__EXERCISE__.
Ignoring the pictures, copy the data exactly.

__RECORD EXTRACTS__.

•••

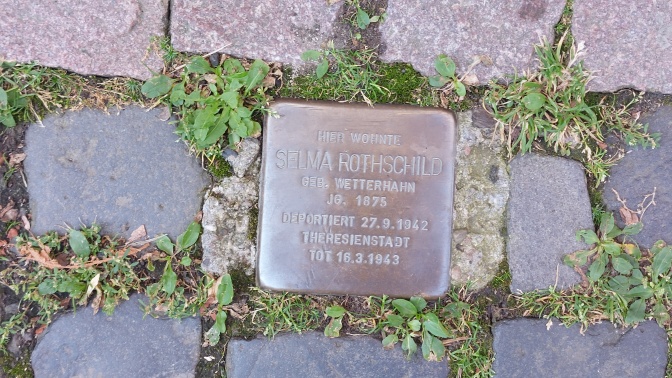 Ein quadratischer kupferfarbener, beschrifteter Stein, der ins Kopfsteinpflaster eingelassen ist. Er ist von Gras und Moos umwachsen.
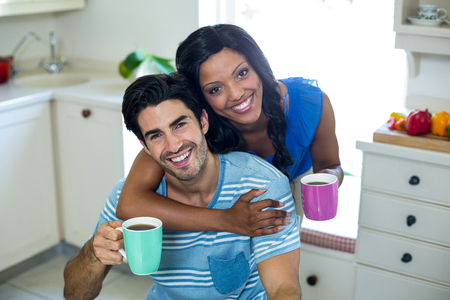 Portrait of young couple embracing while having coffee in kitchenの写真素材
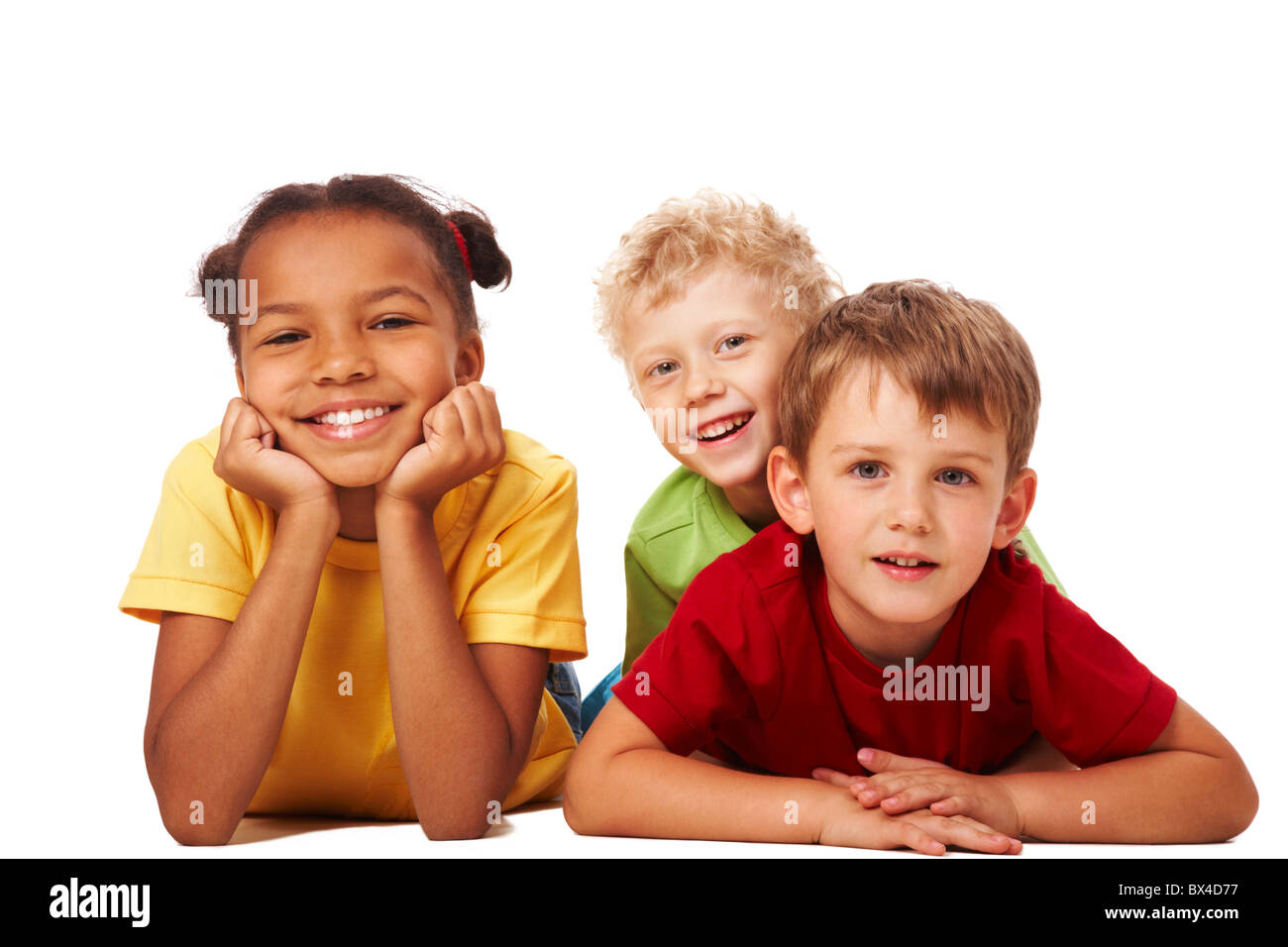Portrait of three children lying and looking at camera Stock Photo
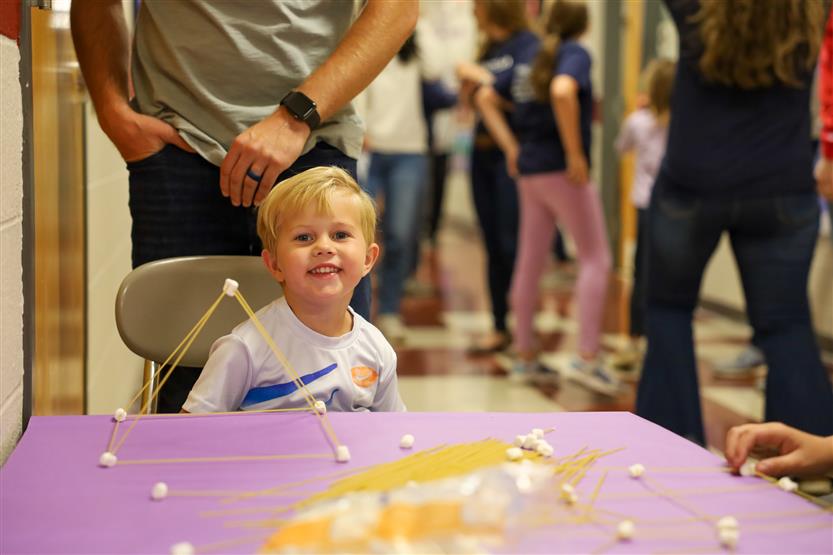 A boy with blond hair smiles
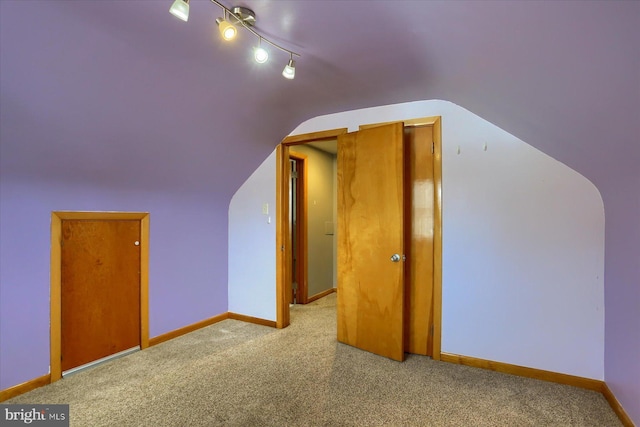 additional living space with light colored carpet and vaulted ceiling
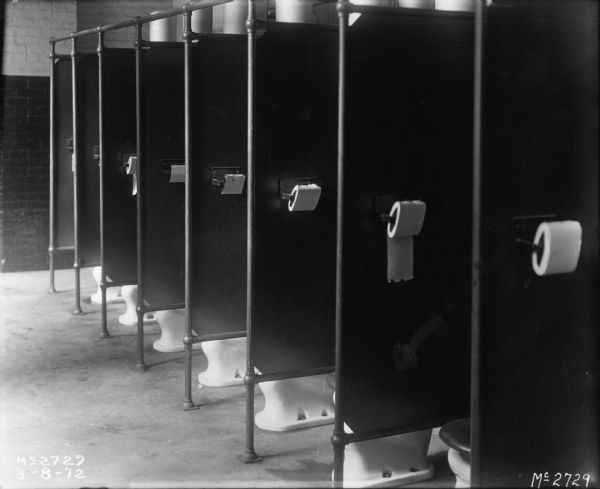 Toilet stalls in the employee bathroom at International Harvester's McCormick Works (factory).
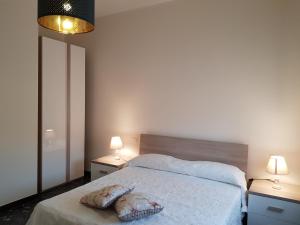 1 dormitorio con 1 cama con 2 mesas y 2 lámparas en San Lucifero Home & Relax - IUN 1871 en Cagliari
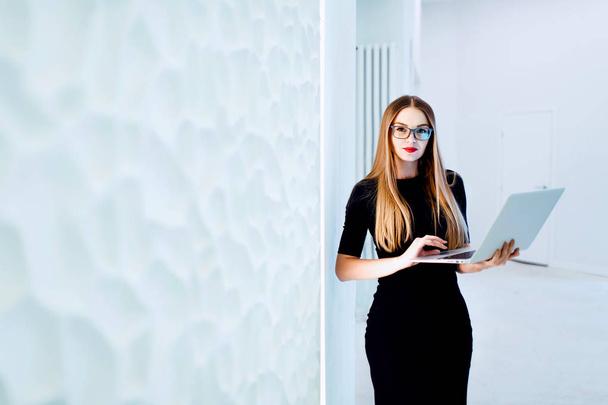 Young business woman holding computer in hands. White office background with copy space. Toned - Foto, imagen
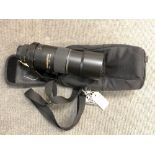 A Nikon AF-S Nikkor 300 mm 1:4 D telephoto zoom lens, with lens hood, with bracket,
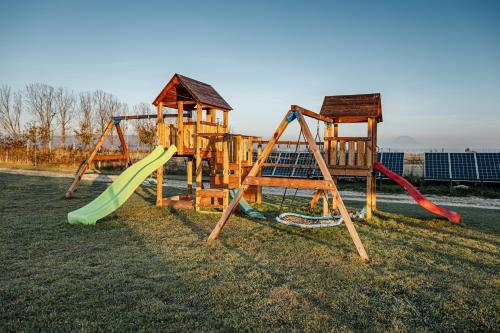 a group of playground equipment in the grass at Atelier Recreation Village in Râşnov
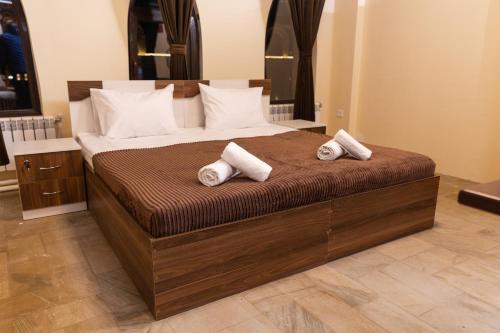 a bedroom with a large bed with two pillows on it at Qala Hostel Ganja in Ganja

•••

__ANSWER TO THE PROBLEM__.
 Ein quadratischer kupferfarbener, beschrifteter Stein, der ins Kopfsteinpflaster eingelassen ist. Er ist von Gras und Moos umwachsen.
 Portrait of young couple embracing while having coffee in kitchenの写真素材
Portrait of three children lying and looking at camera Stock Photo
 A boy with blond hair smiles
 additional living space with light colored carpet and vaulted ceiling
 Toilet stalls in the employee bathroom at International Harvester's McCormick Works (factory).
 1 dormitorio con 1 cama con 2 mesas y 2 lámparas en San Lucifero Home & Relax - IUN 1871 en Cagliari
 Young business woman holding computer in hands. White office background with copy space. Toned - Foto, imagen
 A Nikon AF-S Nikkor 300 mm 1:4 D telephoto zoom lens, with lens hood, with bracket,
 a group of playground equipment in the grass at Atelier Recreation Village in Râşnov
 a bedroom with a large bed with two pillows on it at Qala Hostel Ganja in Ganja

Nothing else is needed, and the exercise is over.